Details of the 2022 Budget package will be announced by the Minister for Finance today.

It is, I believe, important to emphasise that the Government takes a range of data, not just price data, into account in formulating its budget. For example, the last two Budgets have, in fact, seen a series of evidence-based increases in some social welfare payments targeted to improve the situation of the people who are most at risk of poverty and to ensure the most vulnerable were protected.

While core rates for pensioners remained unchanged in Budgets 2020 and 2021, measures were introduced which sought to protect some of the most vulnerable groups, including many pensioners.

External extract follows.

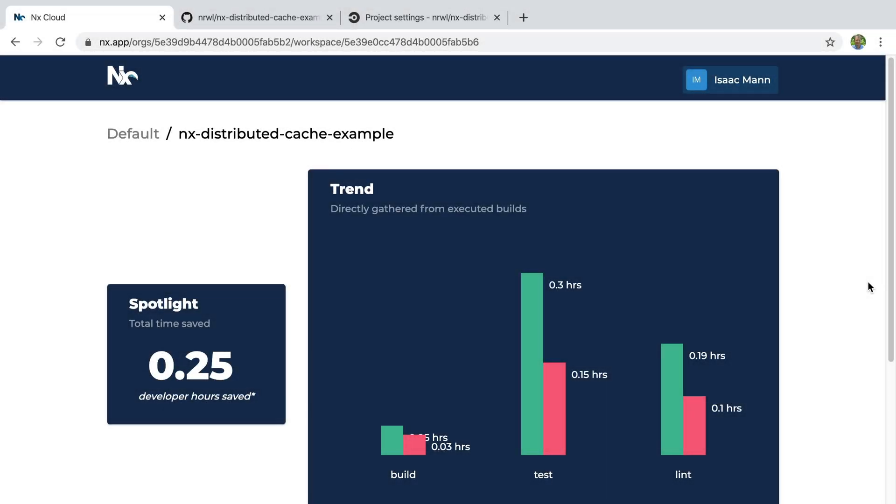After you've used the distributed cache for a while, you can come back to view your workspace on nx.app and see how much time you've saved by using the cache. Now you can use that extra time to go make something amazing.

In recognition of research which indicates that those who are aged 65 years and over are more likely to be at risk of poverty, deprivation and consistent poverty if they live alone, the Living Alone Allowance was increased by €10 per week over the course of Budgets 2020 and 2021. This brought the rate from €9 to €19 per week.

To take account of increased costs arising as a result of increases to the carbon tax, the Fuel Allowance was increased by €2 per week in Budget 2020 and a further €3.50 per week in Budget 2021. This raised the weekly rate of payment from €22.50 in 2019 to €28 currently.

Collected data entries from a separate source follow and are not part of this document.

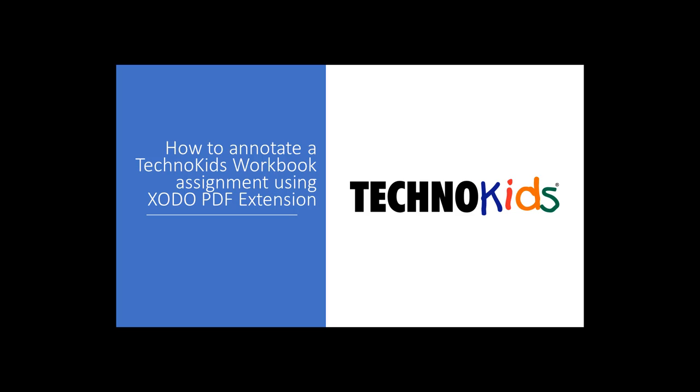In this video, we're going to have a look at using the Chrome web browser and the Xodo PDF extension to work with TechnoKids assignments.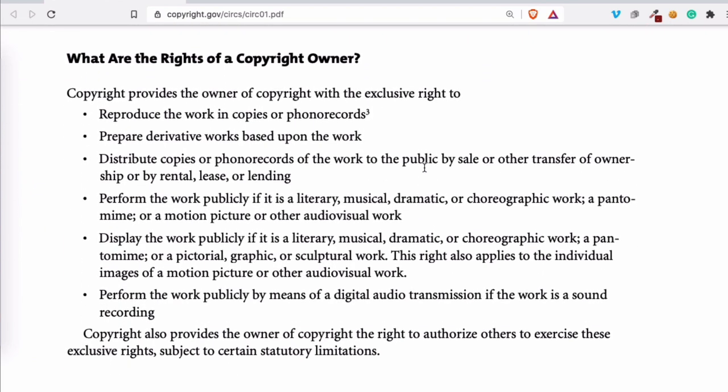Once you know what copyright is and you're a copyright owner, what can you do with it? It's simple — you have exclusive rights. You can decide what happens with the thing you created. Are you going to give a license or not? Are you going to publish it or not? All your exclusive rights are listed in the document.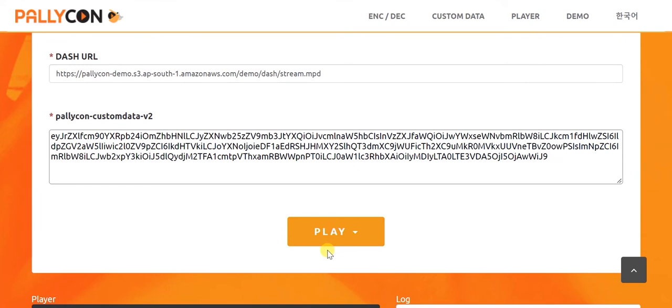Now, when we click the play button, these details are sent to Palikon server requesting for a license. Once the request is validated, a license is issued to our player and the playback starts.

As a result of these targeted measures, some of the most vulnerable social welfare recipients have already seen increases significantly above the rate of inflation over this period. For example, during the fuel season, a pensioner or person with a disability living alone is up to €15.50 per week better off. In addition, on a once-off basis in 2020, the fuel season was extended by four weeks, in recognition of the fact that many people were spending more time at home due to the Covid-19 lockdown.

In considering options for the forthcoming Social Welfare Budget package, I will once again take careful account of evidence-based research produced by organisations such as the CSO, the ERSI and the Vincentian Partnership for Social Justice. Taking an evidence-based approach ensures that available resources are used to deliver maximum impact in terms of reducing poverty and disadvantage.